[Input for this task — start]

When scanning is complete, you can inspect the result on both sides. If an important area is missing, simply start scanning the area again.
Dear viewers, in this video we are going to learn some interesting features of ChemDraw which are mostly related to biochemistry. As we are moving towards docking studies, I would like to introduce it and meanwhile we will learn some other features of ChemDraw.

[Input for this task — finish]
[Input for this task — start]

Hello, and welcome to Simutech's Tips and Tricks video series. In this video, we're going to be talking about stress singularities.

[Input for this task — finish]
[Input for this task — start]

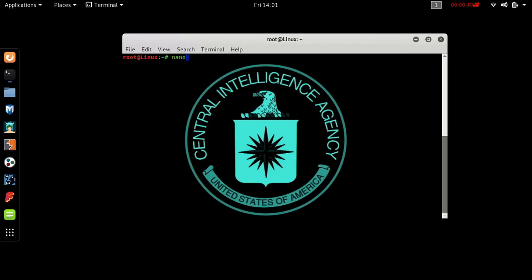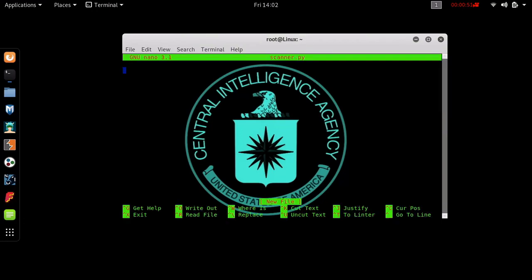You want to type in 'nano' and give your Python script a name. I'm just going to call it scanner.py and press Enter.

[Input for this task — finish]

> **Exercise requirements**: Precisely the lines between those holding "When scanning is" and "Dear viewers, in", inclusive, are to be reproduced from the listing above, with nothing added.

> **Completed task**:
When scanning is complete, you can inspect the result on both sides. If an important area is missing, simply start scanning the area again.
Dear viewers, in this video we are going to learn some interesting features of ChemDraw which are mostly related to biochemistry. As we are moving towards docking studies, I would like to introduce it and meanwhile we will learn some other features of ChemDraw.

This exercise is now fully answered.